* _TASK DIRECTIONS_
For this exercise, repeat the whole listing below exactly. Leave the pictures out.
[[ DATA open ]]
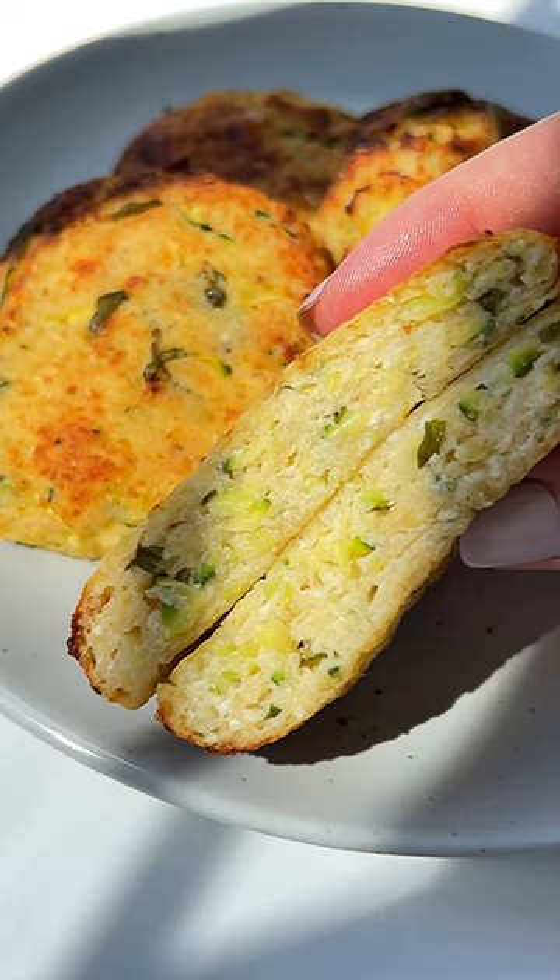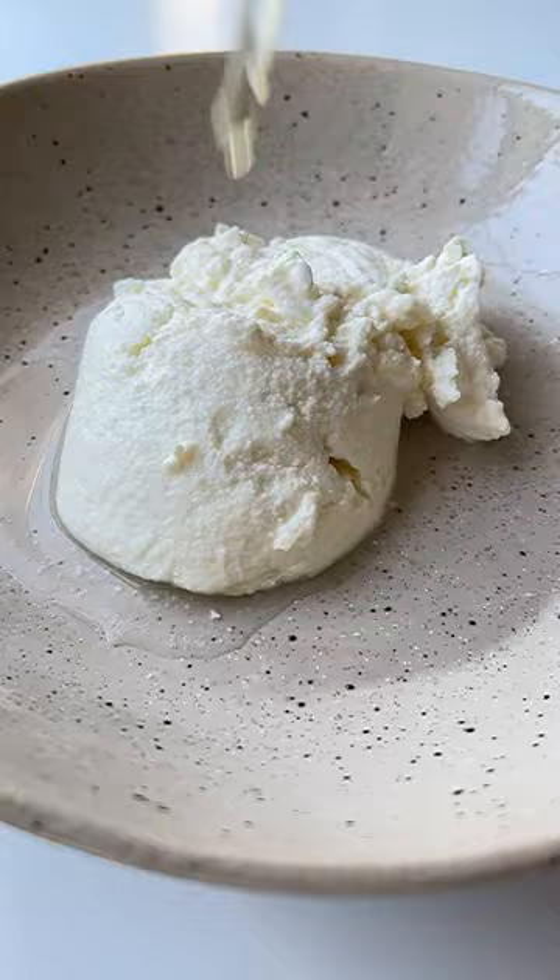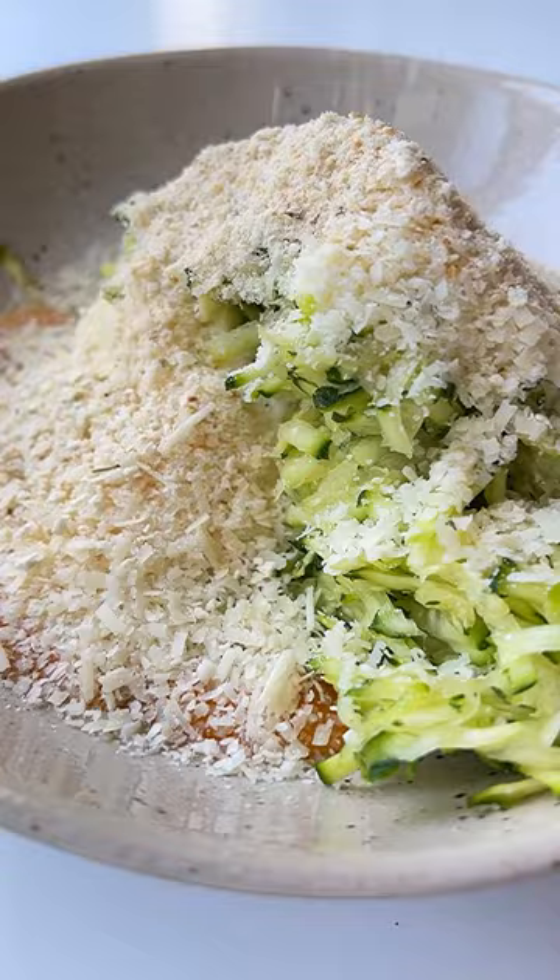There's nothing better than my mom's easy cheesy ricotta zucchini cakes. Let's go — add the ricotta, egg, pinch of salt, grated zucchini, parmigiano, breadcrumbs, and basil.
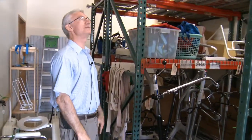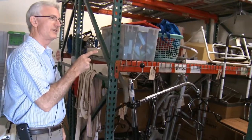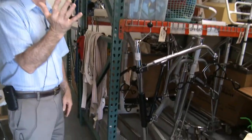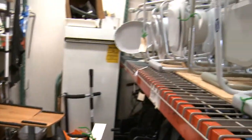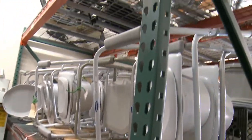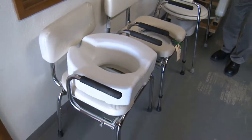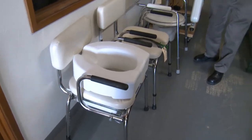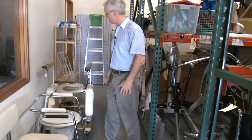We just try to get every piece used. In January I didn't have any commodes; now I must have two dozen — all this up here and over behind you. There are all kinds of different commodes: drop arm commodes, bariatric commodes, and just the regular ones.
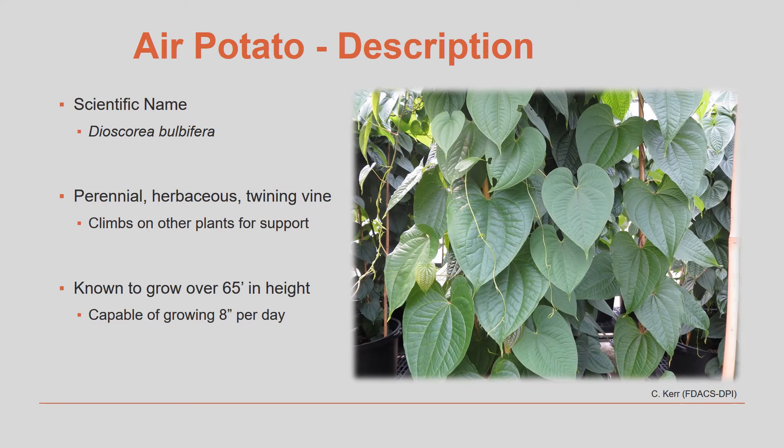The air potato is a vining perennial plant that can grow to be quite large. They can grow to a length of 65 feet, and under ideal conditions they can grow 8 inches per day. When the vines find an upright tree or bush, they use it for support and can overwhelm other plants by shading them out. Because of its ability to displace native species and disrupt natural processes such as fire and water flow, air potato has been listed as one of Florida's most invasive plant species since 1993, and was placed on the federal noxious weed list by the Florida Department of Agriculture and Consumer Services in 1999.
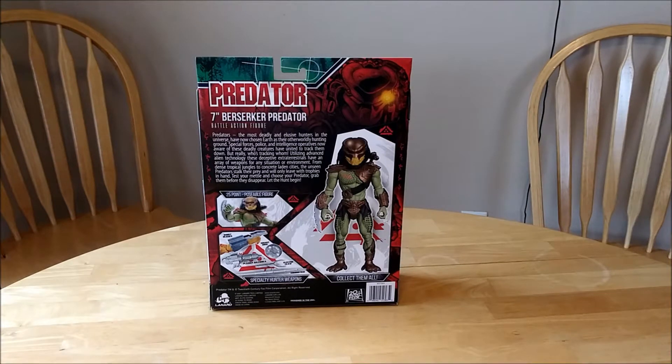Seven-inch Berserker Predator. Battle action figure. Predators, the most deadly and elusive hunters in the universe, have now chosen Earth as their otherworldly hunting ground. Special forces, police, and intelligence operatives, now aware of these deadly creatures, have united to track them down. But really, who's tracking whom? Utilizing advanced alien technology, these deceptive extraterrestrials have an array of weapons for any situation or environment — from dense tropical jungles to concrete-laden cities, these unseen predators stalk their prey and will only leave with trophies in hand. Test your mettle and choose your predator. Grab them before they disappear. Let the hunt begin. Very cool.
[[ DATA closed ]]
* _RESULT_
There's nothing better than my mom's easy cheesy ricotta zucchini cakes. Let's go — add the ricotta, egg, pinch of salt, grated zucchini, parmigiano, breadcrumbs, and basil.
We just try to get every piece used. In January I didn't have any commodes; now I must have two dozen — all this up here and over behind you. There are all kinds of different commodes: drop arm commodes, bariatric commodes, and just the regular ones.
The air potato is a vining perennial plant that can grow to be quite large. They can grow to a length of 65 feet, and under ideal conditions they can grow 8 inches per day. When the vines find an upright tree or bush, they use it for support and can overwhelm other plants by shading them out. Because of its ability to displace native species and disrupt natural processes such as fire and water flow, air potato has been listed as one of Florida's most invasive plant species since 1993, and was placed on the federal noxious weed list by the Florida Department of Agriculture and Consumer Services in 1999.
Seven-inch Berserker Predator. Battle action figure. Predators, the most deadly and elusive hunters in the universe, have now chosen Earth as their otherworldly hunting ground. Special forces, police, and intelligence operatives, now aware of these deadly creatures, have united to track them down. But really, who's tracking whom? Utilizing advanced alien technology, these deceptive extraterrestrials have an array of weapons for any situation or environment — from dense tropical jungles to concrete-laden cities, these unseen predators stalk their prey and will only leave with trophies in hand. Test your mettle and choose your predator. Grab them before they disappear. Let the hunt begin. Very cool.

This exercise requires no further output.